[[ SOURCE DATA open ]]
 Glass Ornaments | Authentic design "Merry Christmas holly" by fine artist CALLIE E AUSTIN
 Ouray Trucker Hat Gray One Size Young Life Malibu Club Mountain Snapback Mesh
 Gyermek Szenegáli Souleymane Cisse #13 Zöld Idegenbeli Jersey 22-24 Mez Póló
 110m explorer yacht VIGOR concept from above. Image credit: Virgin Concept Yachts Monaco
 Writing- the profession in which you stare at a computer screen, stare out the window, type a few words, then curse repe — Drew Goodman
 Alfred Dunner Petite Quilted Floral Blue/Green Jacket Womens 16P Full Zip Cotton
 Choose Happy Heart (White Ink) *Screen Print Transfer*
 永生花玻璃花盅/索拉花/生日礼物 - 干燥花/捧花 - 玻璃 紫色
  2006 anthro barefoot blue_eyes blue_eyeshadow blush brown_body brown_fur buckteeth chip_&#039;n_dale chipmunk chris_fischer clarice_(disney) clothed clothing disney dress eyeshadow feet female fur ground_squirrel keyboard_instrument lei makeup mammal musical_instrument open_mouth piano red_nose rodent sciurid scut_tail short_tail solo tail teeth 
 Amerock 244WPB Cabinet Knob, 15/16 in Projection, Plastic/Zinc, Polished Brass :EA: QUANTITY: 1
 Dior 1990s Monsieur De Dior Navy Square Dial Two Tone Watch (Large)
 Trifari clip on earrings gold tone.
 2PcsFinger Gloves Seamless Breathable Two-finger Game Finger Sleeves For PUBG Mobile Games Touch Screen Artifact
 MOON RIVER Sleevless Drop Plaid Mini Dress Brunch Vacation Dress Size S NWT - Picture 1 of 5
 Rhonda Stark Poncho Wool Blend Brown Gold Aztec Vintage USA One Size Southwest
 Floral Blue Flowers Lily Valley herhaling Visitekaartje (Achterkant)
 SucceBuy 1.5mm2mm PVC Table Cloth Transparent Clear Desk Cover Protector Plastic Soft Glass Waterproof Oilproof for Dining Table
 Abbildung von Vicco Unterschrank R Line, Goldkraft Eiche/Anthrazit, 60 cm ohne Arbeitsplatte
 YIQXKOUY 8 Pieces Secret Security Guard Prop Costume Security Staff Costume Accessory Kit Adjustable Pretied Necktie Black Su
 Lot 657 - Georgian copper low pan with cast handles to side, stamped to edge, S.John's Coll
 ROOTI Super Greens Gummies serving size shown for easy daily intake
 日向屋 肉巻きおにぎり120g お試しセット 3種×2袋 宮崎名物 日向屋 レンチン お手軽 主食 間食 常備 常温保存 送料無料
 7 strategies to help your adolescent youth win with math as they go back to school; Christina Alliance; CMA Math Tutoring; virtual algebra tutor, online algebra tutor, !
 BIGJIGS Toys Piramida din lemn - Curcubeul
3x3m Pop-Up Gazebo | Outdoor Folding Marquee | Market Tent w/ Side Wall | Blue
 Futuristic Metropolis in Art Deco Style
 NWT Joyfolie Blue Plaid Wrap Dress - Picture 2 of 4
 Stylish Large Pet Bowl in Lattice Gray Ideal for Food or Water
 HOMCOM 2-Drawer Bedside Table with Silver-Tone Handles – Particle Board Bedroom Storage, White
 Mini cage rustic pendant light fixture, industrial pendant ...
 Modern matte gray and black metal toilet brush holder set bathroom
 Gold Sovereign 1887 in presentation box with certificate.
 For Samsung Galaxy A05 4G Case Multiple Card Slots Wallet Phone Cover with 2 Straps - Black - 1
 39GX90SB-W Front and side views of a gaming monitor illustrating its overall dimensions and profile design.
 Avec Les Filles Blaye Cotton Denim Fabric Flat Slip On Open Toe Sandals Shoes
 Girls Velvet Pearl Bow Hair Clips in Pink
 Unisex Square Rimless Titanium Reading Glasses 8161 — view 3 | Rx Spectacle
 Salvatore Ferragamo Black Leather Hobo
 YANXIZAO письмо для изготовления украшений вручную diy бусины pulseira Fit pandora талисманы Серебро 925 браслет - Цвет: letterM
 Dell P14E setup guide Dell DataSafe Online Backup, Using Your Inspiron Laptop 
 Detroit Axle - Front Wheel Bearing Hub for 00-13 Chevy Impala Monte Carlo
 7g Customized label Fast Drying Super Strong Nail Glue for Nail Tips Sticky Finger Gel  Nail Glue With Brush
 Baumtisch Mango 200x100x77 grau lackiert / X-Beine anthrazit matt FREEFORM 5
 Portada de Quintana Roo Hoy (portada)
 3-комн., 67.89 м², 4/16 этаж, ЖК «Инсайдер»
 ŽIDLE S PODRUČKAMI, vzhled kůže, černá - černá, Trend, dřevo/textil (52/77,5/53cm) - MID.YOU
[[ SOURCE DATA closed ]]
- **EXERCISE BRIEF**: Find the line with "YIQXKOUY 8 Pieces" in the entries above. Retype it and each line after it, exactly, through the line with "Gold Sovereign 1887", and stop there.

- **ANSWER BELOW**:
 YIQXKOUY 8 Pieces Secret Security Guard Prop Costume Security Staff Costume Accessory Kit Adjustable Pretied Necktie Black Su
 Lot 657 - Georgian copper low pan with cast handles to side, stamped to edge, S.John's Coll
 ROOTI Super Greens Gummies serving size shown for easy daily intake
 日向屋 肉巻きおにぎり120g お試しセット 3種×2袋 宮崎名物 日向屋 レンチン お手軽 主食 間食 常備 常温保存 送料無料
 7 strategies to help your adolescent youth win with math as they go back to school; Christina Alliance; CMA Math Tutoring; virtual algebra tutor, online algebra tutor, !
 BIGJIGS Toys Piramida din lemn - Curcubeul
3x3m Pop-Up Gazebo | Outdoor Folding Marquee | Market Tent w/ Side Wall | Blue
 Futuristic Metropolis in Art Deco Style
 NWT Joyfolie Blue Plaid Wrap Dress - Picture 2 of 4
 Stylish Large Pet Bowl in Lattice Gray Ideal for Food or Water
 HOMCOM 2-Drawer Bedside Table with Silver-Tone Handles – Particle Board Bedroom Storage, White
 Mini cage rustic pendant light fixture, industrial pendant ...
 Modern matte gray and black metal toilet brush holder set bathroom
 Gold Sovereign 1887 in presentation box with certificate.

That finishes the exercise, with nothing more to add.